A simple example, imagine if you have a cold in Canada during the winter and you increase the temperature of your heater. The cost for the health services will be extremely low, but the additional heat will cost a significant amount.
I live in Canada. It is convenient not to have to pay for my health care on a piecemeal basis. But my taxes are significantly higher than US taxes. It is difficult to find a primary care physician due to deliberate doctor shortages by government policy, and because of low reimbursement rates to family doctors. Specialists must be accessed through a primary care physician, there are long waits for initial appointments, and long waits for surgeries, MRIs, and many other procedures. Long-term care is not covered. Over the years, government has cut back on what procedures it will cover also, so there are more expenses we must pay for. Employer health insurance helps, but it is variable regarding what is covered. The system is not consumer-friendly because every doctor has more business than he/she can handle, so there is no downside to being hard to get or just plain rude. It can take hours just to get through to the office by phone. The per capita costs are held down by government decisions about what to pay, and by simple inaccessibility to expensive procedures. Health outcomes are generally no better than the US and sometimes worse. I could go on….

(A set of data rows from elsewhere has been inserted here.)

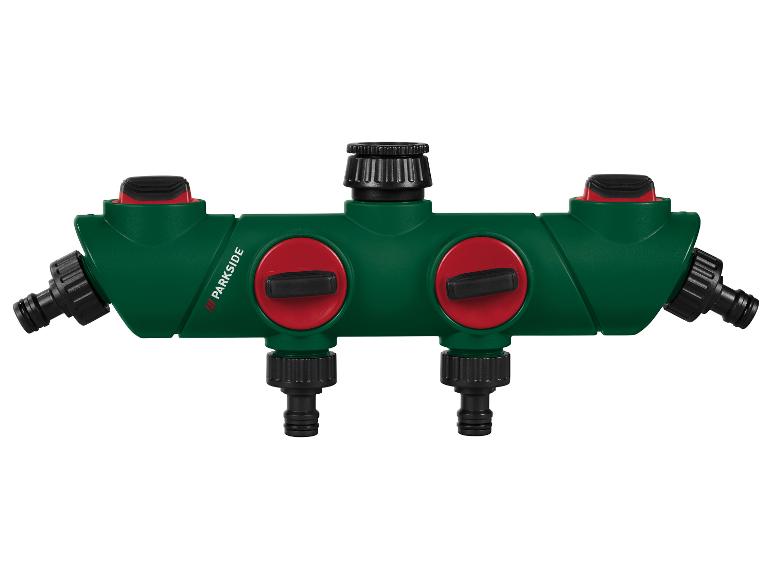 Groene Parkside watersplitter met vier uitgangen en twee rode kranen.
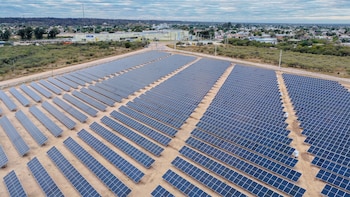 Vista aérea de un vasto campo con miles de paneles solares, caminos de tierra, edificios industriales, vegetación escasa y un pueblo al fondo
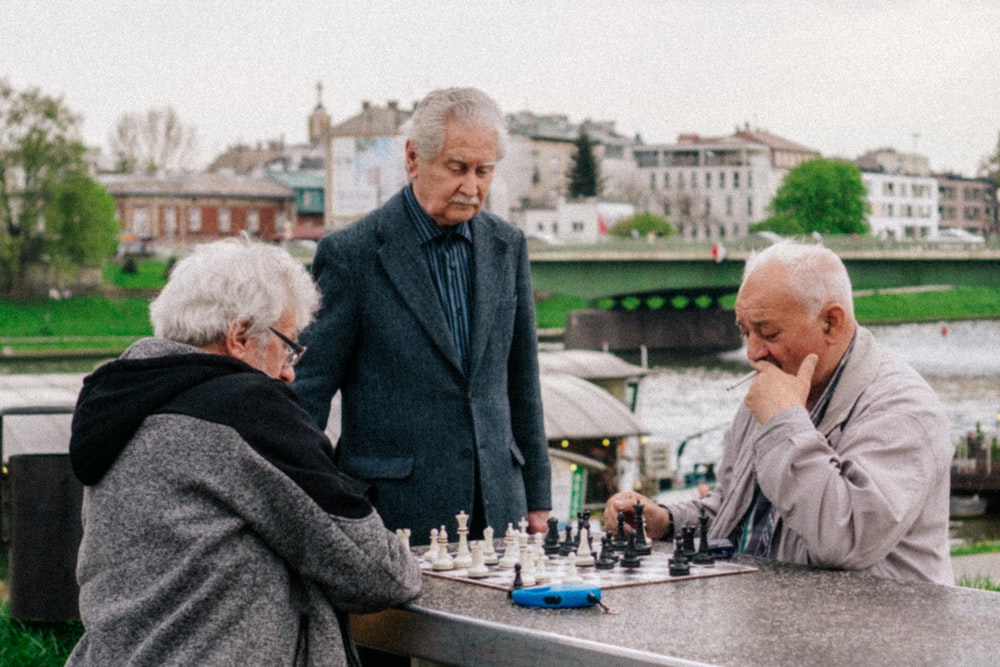 a group of people playing chess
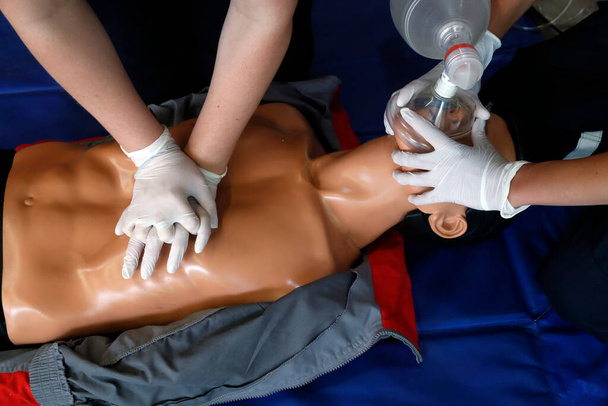 Life-saving first aid on a model.  Training session exercise.  Heart massage.  France.  - Foto, immagini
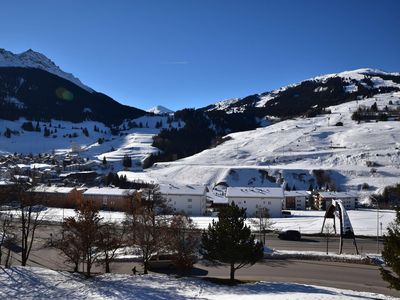 Winter-Aussicht vom Balkon auf Dorf und Skigebiet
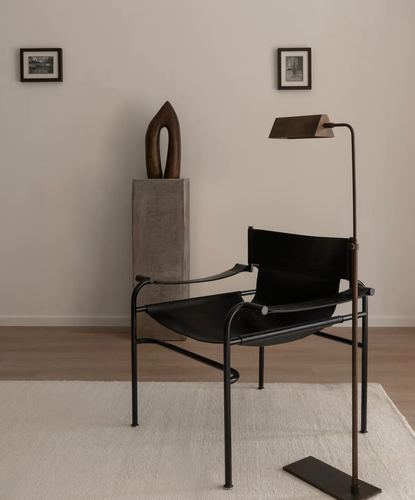 Black leather sling chair and bronze floor lamp beside a sculpture on a stone pedestal in a neutral room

I wish there were a deeper dive into the answers. However, the way to solve that problem is through short-term and long-term disability insurance. There’s nothing that can be done about it through the health-care “system”.
I believe (through my own experience” that those insurance markets are similar in both countries, i.e.private, usually employer-based markets for disability insurance, as well as Social Security or Canada Pension Plan disability.

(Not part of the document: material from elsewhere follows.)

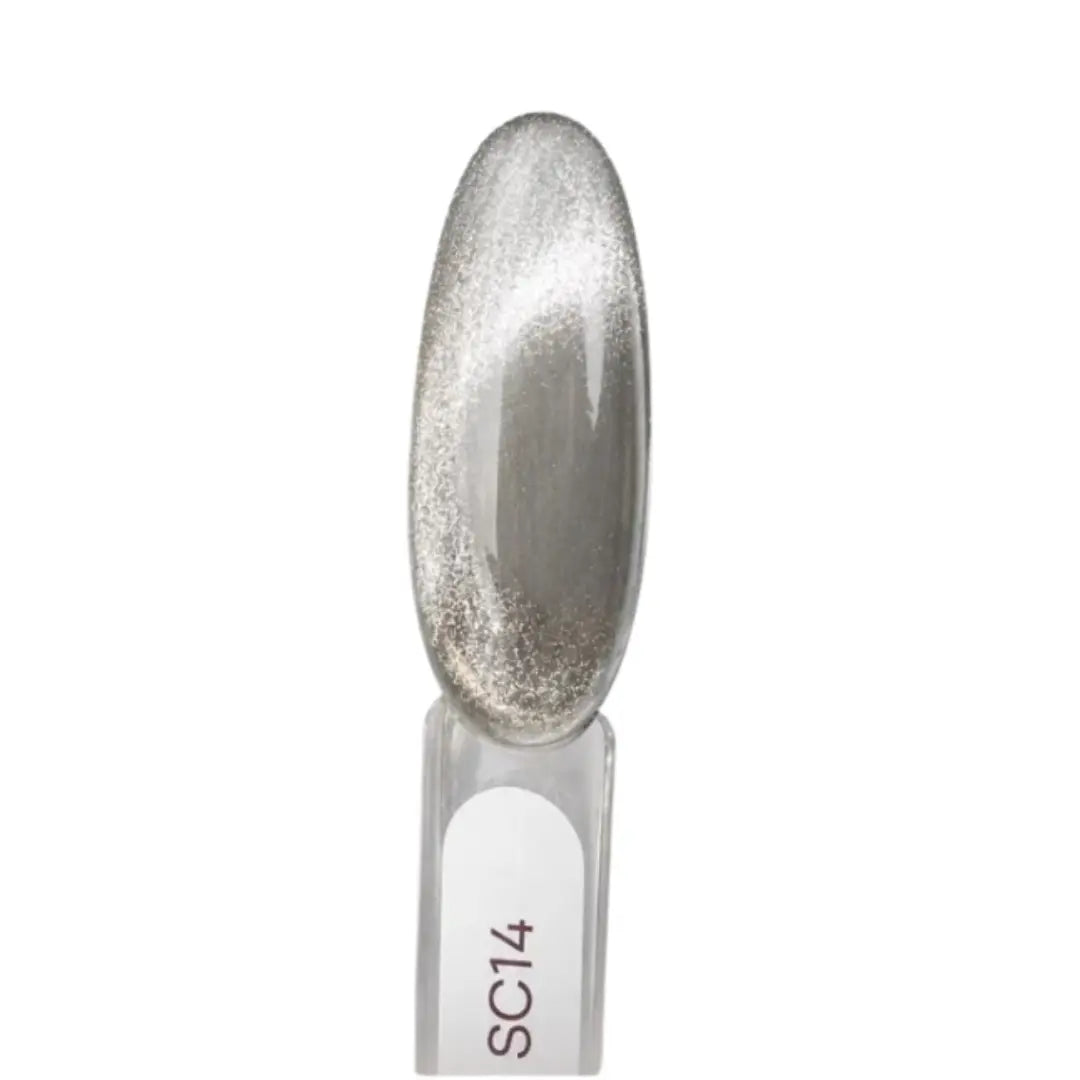 Close up of Atica Satin Cat's Eye SC14 silver-milky magnetic pattern applied on nail tip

Even with their national health insurance, Canadians are exposed to drug costs if they need a rare and expensive medication. Also I think they are exposed to the cost of long term care.
That being said, the “health care and bankruptcy” argument used by the single payer advocates here in America was always one of their weaker arguments.
a. No distinction was made between those persons who went bankrupt WITH health care bills versus those who went bankrupt BECAUSE of health care bills. Without conducting thousands of individual audits, I am not sure that any researcher could determine this issue.
b. Bankruptcy after health care is not the worst thing in the world even when it does occur. Which is better: to get your cancer in remission and then go to court and file a lot of papers and find it hard to get credit……or to go on a waiting list with your credit intact but being racked by pain in a country with free health care?
There are some instances of greedy hospitals almost hounding uninsured patients into bankruptcies. But these cases are correctable and in fact have been corrected in several states.